Porém, nesse toma lá, dá cá de farpas e muito rancor, parece que nunca foi sequer ensaiada uma tentativa dialética para resolver o possível desvio de dinheiro. Tanto a apresentação pública da tentativa de desvio quanto também as respostas acaloradas e nada razoáveis, foram um esboço do que há de mais imaturo nesses movimentos. Uma aula de como não conduzir uma gestão de crises.
Na briga para ver quem fala mais alto, os dois movimentos performam uma disputa narrativa que vai muito além dos dois mil reais — e de alguma forma, das lutas do ME. Através do verniz do debate (que teve pouco ou nada de dialético), as desorganizações dentro da gestão, e as lacunas em seu processo organizacional se revelam. As duas mais graves são seu controle financeiro atrapalhado e secreto, e também uma política silenciosa e mal feita de registro das ações internas. Se existem registros oficiais das movimentações financeiras da Entidade e também registros de seus encontros, reuniões e atividades, não nos foi disponibilizado e nem encontramos durante a apuração.

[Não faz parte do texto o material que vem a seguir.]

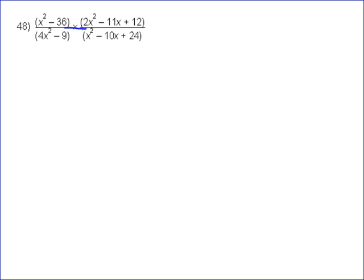So we factor x squared minus 36 first. That's an easy factorization — that's the difference of two squares: x minus 6 times x plus 6.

Cada um dos lados contou uma meia história, com efeito nunca de esclarecer o ocorrido e nem construir diálogo. O resultado implacável e infeliz dessa hiperbólica crise interna foi a dissolução informal da gestão Ponta de Lança. O DCE segue hoje sob condução do Afronte e o silêncio do Movimento Correnteza e do Juntos.

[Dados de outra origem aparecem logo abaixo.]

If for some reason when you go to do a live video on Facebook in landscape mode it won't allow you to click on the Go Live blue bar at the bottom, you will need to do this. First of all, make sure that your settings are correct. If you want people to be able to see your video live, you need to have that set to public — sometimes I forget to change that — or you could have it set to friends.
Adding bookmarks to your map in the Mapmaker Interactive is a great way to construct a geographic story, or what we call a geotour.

Uma vez mais o Movimento Estudantil treme sob ruídos internos, ocasionados talvez por discordâncias políticas, talvez por má fé, ou talvez, por um inacreditável mal entendido.

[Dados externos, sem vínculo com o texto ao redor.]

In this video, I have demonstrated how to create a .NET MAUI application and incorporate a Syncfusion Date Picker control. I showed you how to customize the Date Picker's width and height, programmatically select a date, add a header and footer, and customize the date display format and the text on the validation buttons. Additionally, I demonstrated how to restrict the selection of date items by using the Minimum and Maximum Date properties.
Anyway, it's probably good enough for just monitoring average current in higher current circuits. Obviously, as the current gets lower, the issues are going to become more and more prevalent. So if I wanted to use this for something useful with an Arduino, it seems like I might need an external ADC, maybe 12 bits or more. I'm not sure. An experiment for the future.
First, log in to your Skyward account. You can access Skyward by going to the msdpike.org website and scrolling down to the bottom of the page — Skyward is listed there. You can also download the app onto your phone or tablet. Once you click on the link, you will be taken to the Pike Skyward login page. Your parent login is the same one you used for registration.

Para preservar a identidade dos envolvidos e também responsabilizar os coletivos (e não as pessoas), a reportagem escolheu ocultar os nomes de todas as nossas fontes, assim como seus cargos específicos dentro das organizações.
Para mais informações sobre o caso, leiam os documentos divulgados pelos movimentos na íntegra:
Créditos:
Editoria e Revisão: Gabriel Barcelos e Gabriel Martins
Gostei da reportagem e das reflexões, mas infelizmente, e não por culpa de vocês, a questão ainda está em aberto
Matéria de gente grande, pessoal... parabéns.
Como vocês falaram, esse desgaste criado abala muito a nossa fé nesses movimentos como estudantes. Ao mesmo tempo que é difícil se colocar no lugar de cada parte num assunto tão delicado, fica mais difícil ainda acreditar em alguma coisa no meio de tanto desvio de informações.
Creio que já aprendemos que a verdade não está aí solta pelo mundo esperando para ser descoberta; tudo é um confronto de narrativas. E sinto que vocês traduziram isso muito bem. Mas, mesmo concordando com o que vocês colocam, parece que essa história do dinheiro realmente ficou muito pequena frente à desunião de pessoas que poderiam fazer muito para mudar nossa realidade. Muitos falam em olhar para trás para resgatar glórias ou olhar para frente e comprar a proposta de um futuro brilhante, mas sacrificam o agora sem pestanejar. E no fim das contas, nossa vivência na faculdade é curtíssima, então o agora é que mais deveria ser mobilizado.
Agradecemos muito a dedicação de vocês para detnrar abordar isso da melhor forma, mesmo sendo possível ver a enorme dificuldade que deve ter sido. Abraço!